SHARON TATE: C’ERA UNA VOLTA A… HOLLYWOOD

(Netflix/Tim Vision)

Quentin Tarantino si tuffa nel 1969 per ribadire la sua idea di cinema che ribalta l’assetto della storia (QUI LA NOSTRA RECENSIONE). E quindi Sharon Tate, moglie di Roman Polanski e una delle vittime del massacro di Cielo Drive, viene salvata dalla forza salvifica della settima arte.

TONYA HARDING

(Amazon/Sky/Now/Infinity)

Il progetto più appagante della mia carriera. Un personaggio di cui non sapevo nulla prima di produrre e interpretare il film”. Tonya è un biopic su Tonya Harding, campionessa di pattinaggio sul ghiaccio che negli anni 90 fu protagonista di un’aggressione nei confronti di una compagna di squadra. Margot Robbie ottiene la sua prima nomination agli Oscar. Il film ne vince 1: Allison Janney come non protagonista, premiata anche ai Golden Globe.

NAOMI LAPAGLIA: THE WOLF OF WALL STREET

(Sky/Now/Netflix/Raiplay)

Per il suo debutto hollywoodiano, Margot Robbie viene tenuta a battesimo da Martin Scorsese nel biopic sulla tumultuosa parabola del broker newyorkese Jordan Belfort, interpretato da Leonardo DiCaprio. Lei, australiana delle Queensland, incanta sfoderando un perfetto accento di Brooklyn, “imparato guardando dozzine di video di gente reale su YouTube” e sale sul podio dei migliori personaggi femminili pennellati da Scorsese, nel ruolo dell’ambiziosa modella che usa il suo corpo come moneta di scambio, entrando nella vita dissoluta e avida di potere del ‘lupo’.

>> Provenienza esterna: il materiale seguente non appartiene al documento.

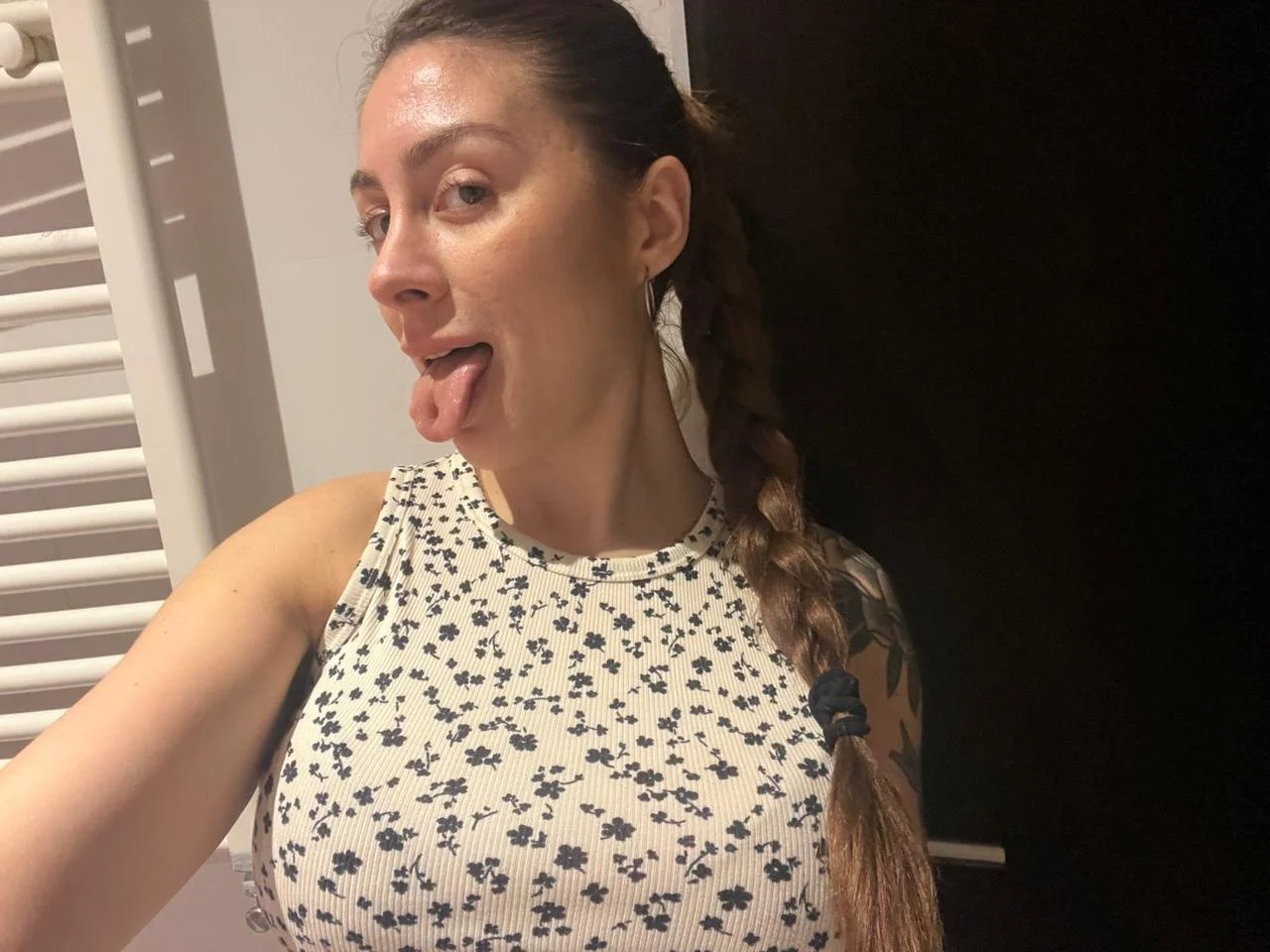 Cornudo le gusta exhibir a la puta de su esposa image 7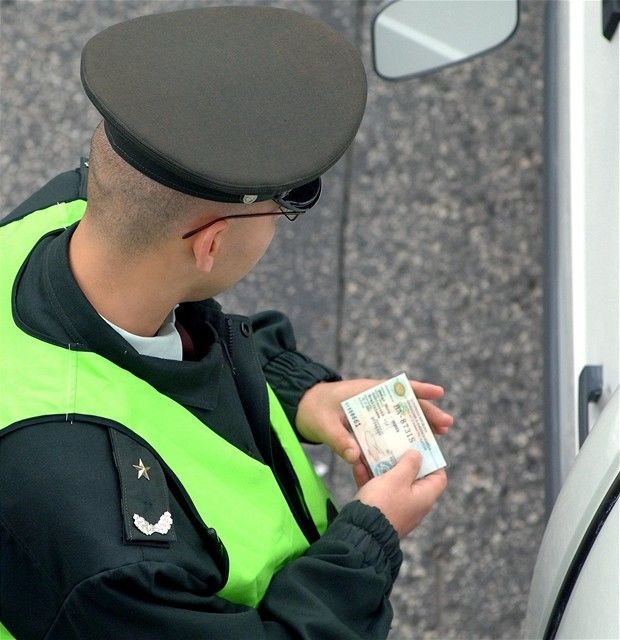 vodičské preukazy, vodičák, policajt, kontrola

KAYLA POSPISIL: BOMBSHELL – LA VOCE DELLO SCANDALO

(Netflix)

L’altra candidatura agli Oscar, per ora, Margot Robbie se la aggiudica nel biopic che ricostruisce lo scandalo sessuale di Roger Ailey, il potente imperatore del colosso dell’informazione Fox News. Insieme alle altre coraggiose giornaliste, Nicole Kidman e Charlize Theron, si adopera per spodestare il capo in un dramma serrato che ricostruisce la bufera giudiziaria contro i ricatti e molestie perpetrate ai danni delle dipendenti.

ANNIE/BUNNY: TERMINAL

(Amazon)

Cameriera e spogliarellista, ma soprattutto una spietata killer dalle ammalianti abilità manipolative e dai tentacoli letali. Prodotto dalla stessa Margot Robbie, “Terminal” è un thriller che saccheggia le atmosfere hard-boiled facendosi un giro nei sottoboschi al neon di una caotica metropoli, emulando (con manierismo un filo eccessivo)  pellicole cult come “Sin City”, “Snatch” e “Trainspotting”. La Robbie domina il palcoscenico che condivide con Simon Pegg e Mike Myers, ed è una femme fatale da dizionario del cinema.